Conversely, using a software proxy for layer-4 processing leads to very limited performance, because for simple tasks that could be performed at the packet level, the system has to decode packets, decapsulate layers to find the data, allocate buffer memory to queue them, pass them to the process, establish connections to remote servers, manage system ressources, etc... For this reason, a proxy-based layer-4 load balancer will be 5 to 10 times slower than its network-based counterpart on the same hardware.

Memory is also a limited resource : the network-based load balancer needs memory to store in-flight packets, and sessions (which basically are addresses, protocols, ports and a few parameters, which globally require a few hundreds of bytes per session). The proxy-based load balancer needs buffers to communicate with the system. Per-session system buffers are measured in kilobytes, which implies practical limits around a few tens of thousands of active sessions.

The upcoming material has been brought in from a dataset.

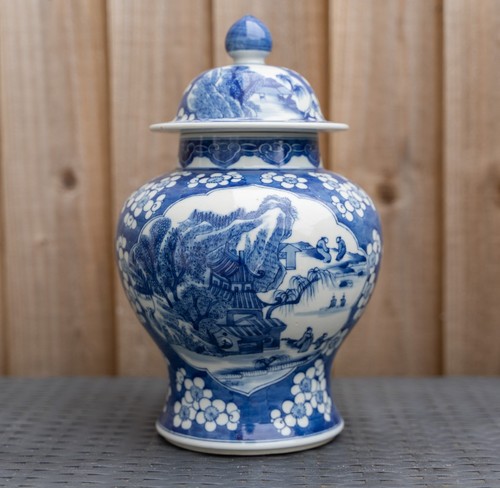 Chinese blue and - chinese, prunus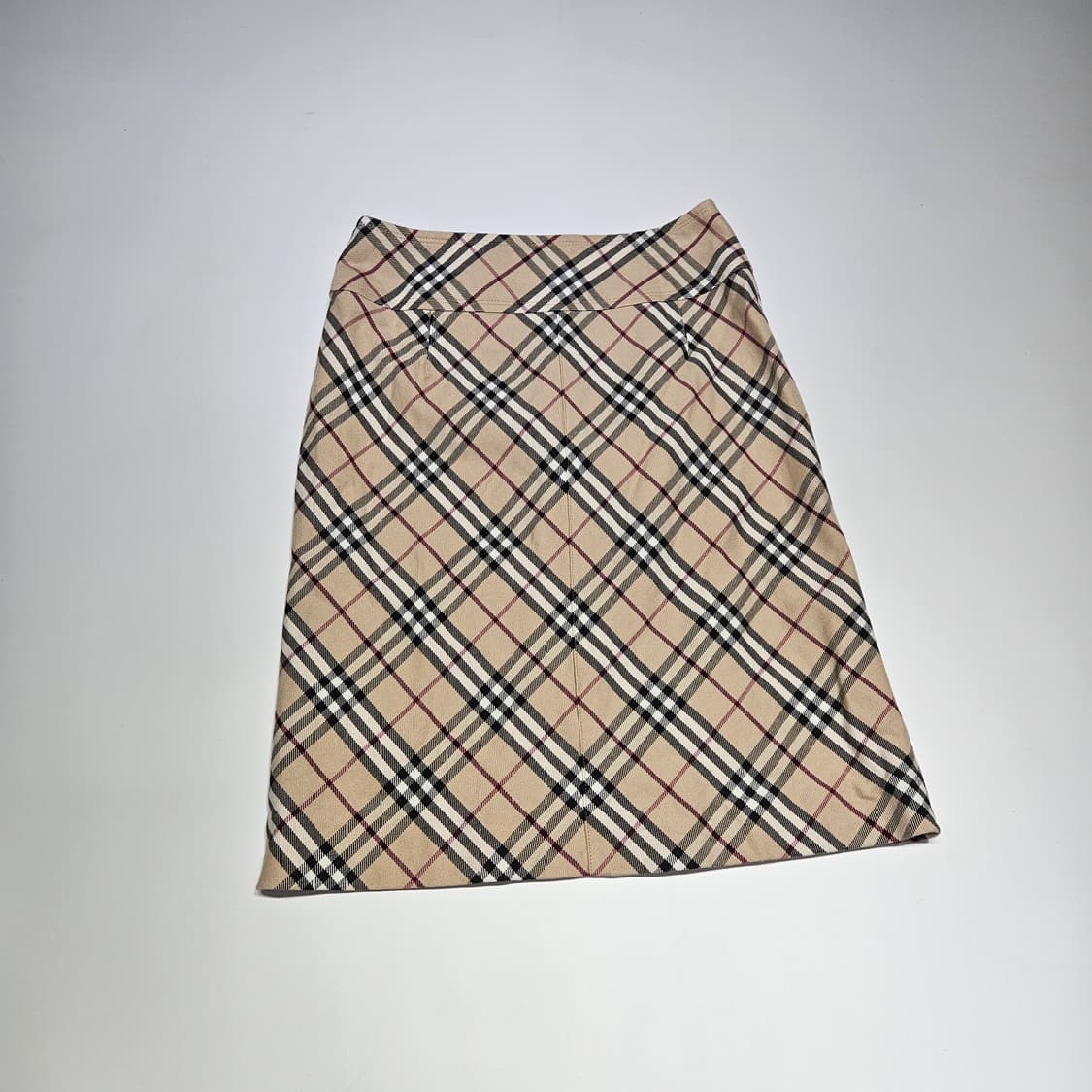 버버리 스커트[36] 상품이미지4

Network-based load balancers also permit a lot of useful fantasies such as virtual MAC addresses, mapping to entire hosts or networks, etc... which are not possible in standard proxies relying on general purpose operating systems.

One note on reliability though. Network-based load balancers can do nasty things such as forwarding invalid packets just as they received them, or confuse sessions (especially when doing NAT). We talked earlier about the ACK storms which sometimes happen when doing NAT with too low session timeouts. They are caused by too early re-use of recently terminated sessions, and cause network saturation between one given user and a server. This cannot happen on proxies because they rely on standards-compliant TCP stacks offered by the OS, and they completely cut the session between the client and the server.

Overall, a well tuned network-based load balancer generally provides the best layer-3/4 solution in terms of performance and features.